Золотая и даже бриллиантовая моя женка!
После трехдневной жизни на наблюдательном пункте, с ночевкой в первый день под открытым небом возле рощи, я спустился в деревню и переночевал в халупе. Сейчас сижу в садике во френче, с нацепленным на груди белым крестиком, и веду беседу с моим женом. Настроение радужное по многим причинам: 1) 22-го был 16 часов под огнем, от 5 до 13 под артилл[ерийским] огнем, а с 13 до 21 под жестоким артилл[ерийским], ружейным и пулеметным… Кругом все кланялись, это так забавно, но почти всеми делается невольно. Твой гордый муженек за собою следит вовсю и поклонов не отвешивает… разве уж снаряд загудит невзначай, когда муж что-либо объясняет или над чем-либо задумается. Пошел я на это ужасное место потому, что чувствовался нервный перелом боя, поступали больные духом донесения, надо было людей подбодрить и явиться среди них… 2) 23.VI был только под арт[иллерийским] огнем, но один снаряд упал в 25 шагах… приказал Осипу сохранить осколок в память случайного спасения… И вот теперь все это проносится в моих воспоминаниях, я чувствую, что сделал все, что должен был, и сижу целый, беседую с женом, оттого и настроение божественное.

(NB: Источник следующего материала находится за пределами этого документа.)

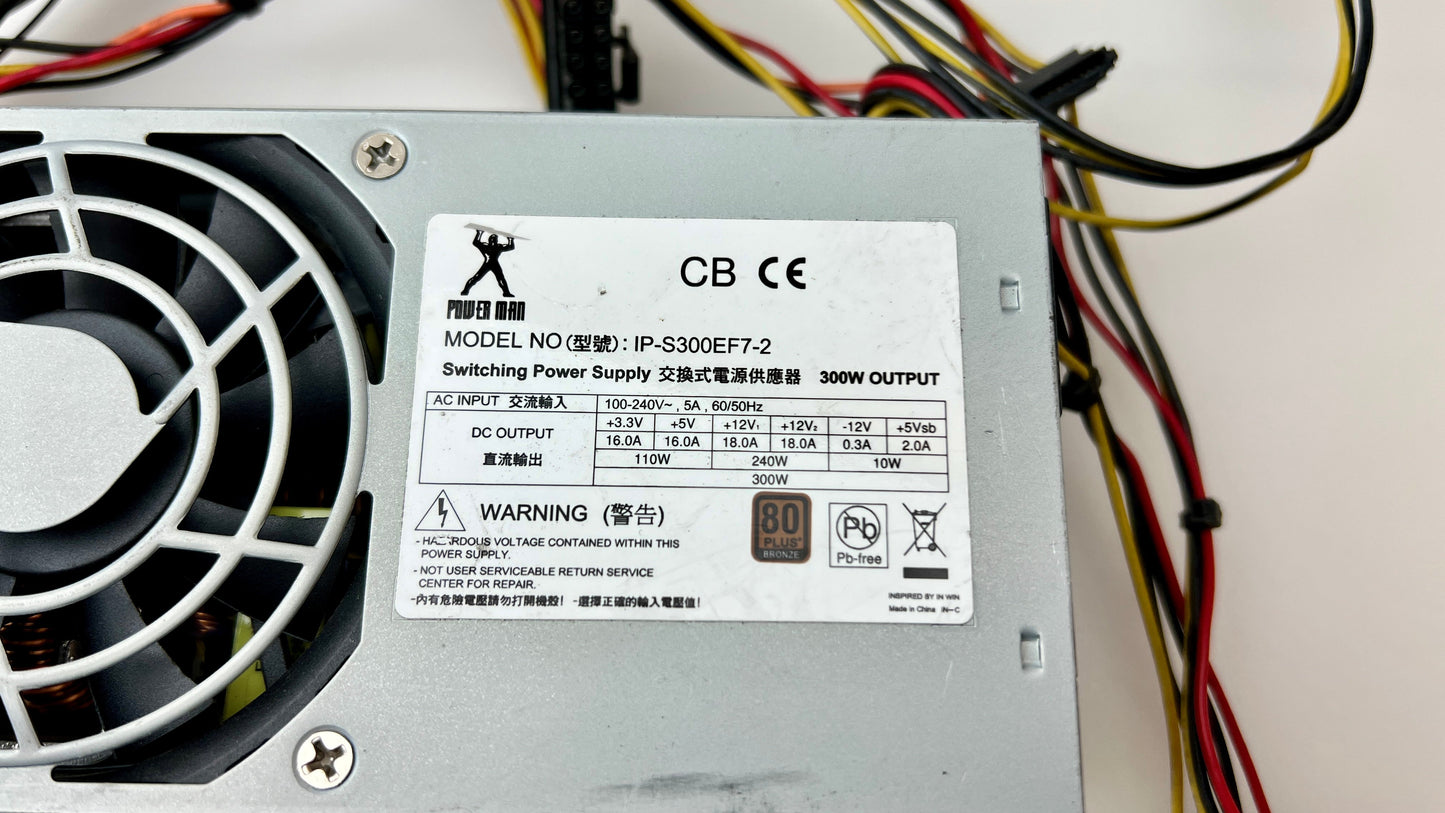 PC 24 pin Power Supply IP-S300EF7-2 Mecer Universal 300W 80+ TFX2.1 Small Form Factor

Когда я пришел на то место 22.VI, то застал людей прижатыми к ямкам передней крутости окопа, снаряды злостно шипели, перелетая чрез окопы и падая в шагах 100–200 далее… маленькое понижение прицела, заминка в порохе или что-либо в этом духе, снаряд попадает в окоп и ото всех мокро…

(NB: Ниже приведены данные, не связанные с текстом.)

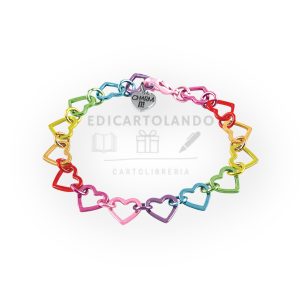 Braccialetto a catena con cuori color arcobaleno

В моем распоряжении в этот день был бронированный автомобиль, который я и выпустил в одну из роковых минут. И когда он мимо меня, полным ходом, пошел в атаку (всегда страшную и полную риска), я невольно его перекрестил, а кругом послышались слова шепотом: «Дай Бог! Помоги Боже!». И думаю я: такие трогательные и высокие минуты дано переживать нам, военным людям, полагающим «души за други своя», только нам, а не людям во фраках, может быть, более нас умным, развитым, но умеющим проливать только чернила…

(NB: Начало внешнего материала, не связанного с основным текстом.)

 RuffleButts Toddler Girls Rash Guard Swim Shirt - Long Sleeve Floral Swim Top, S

Спустился я и… еще одна причина к моему розовому настроению: получил семь твоих писем: 9, 10, 11, 12.VI с № 106–109, затем от 13 июня № 113, 14.VI № 114 и 15.VI № 112, значит нет еще № 110 и 111… Дня через 2–3 или, может быть, позднее вышлю тебе 500 руб., из них 450 тебе, а 50 положи Ейке… Напиши мне, сколько ты теперь получаешь всего денег; по моим расчетам, ты должна иметь: 225 р. столовых + 167 р. жалованья + 20 р. на 2 прислуги + 100 р. квартирных по Петрограду + 10 р. на прислугу, а всего: 522 руб. Получаешь ли ты их полностью, и как разрешен твой спор с воен[ным] начальником? Я себе здесь оставил 240 р. военно-полевых + 12 р. дровяных + сколько останется фуражных от прокорма лошадей (Ужок давно жрет за большую лошадь), т. е. между 50 и 60 руб., а всего 300–310 руб. Мои расходы 40–50 руб. (теперь у нас стол лучше, чем прежде, да я себе кое-что справил), так что в месяц еще остается 250–260 руб.
Передирий остался без отпуска и не успел им воспользоваться за какую-либо неделю… вышел приказ не отпускать. Езжу теперь на Гале: она выправилась, стала очень красивой, на ногу почти не жалуется. Ужок как кабан: шалит, кусается, такой же тугой на морду, как и мать… за 6 вершков росту можно ручаться. Осип не пишет потому, что всегда около меня, или тащится со мною по позициям, или стоит где-либо с лошадьми, поджидая моего возвращения. Я не сплю ночи, и ему не приходится. Я и при таких условиях ловлю возможность черкнуть тебе, а ему-то – простому человеку, да еще занятому чисткой лошадей, – черкнуть долгое (для его писательской манеры) письмо почти невозможно.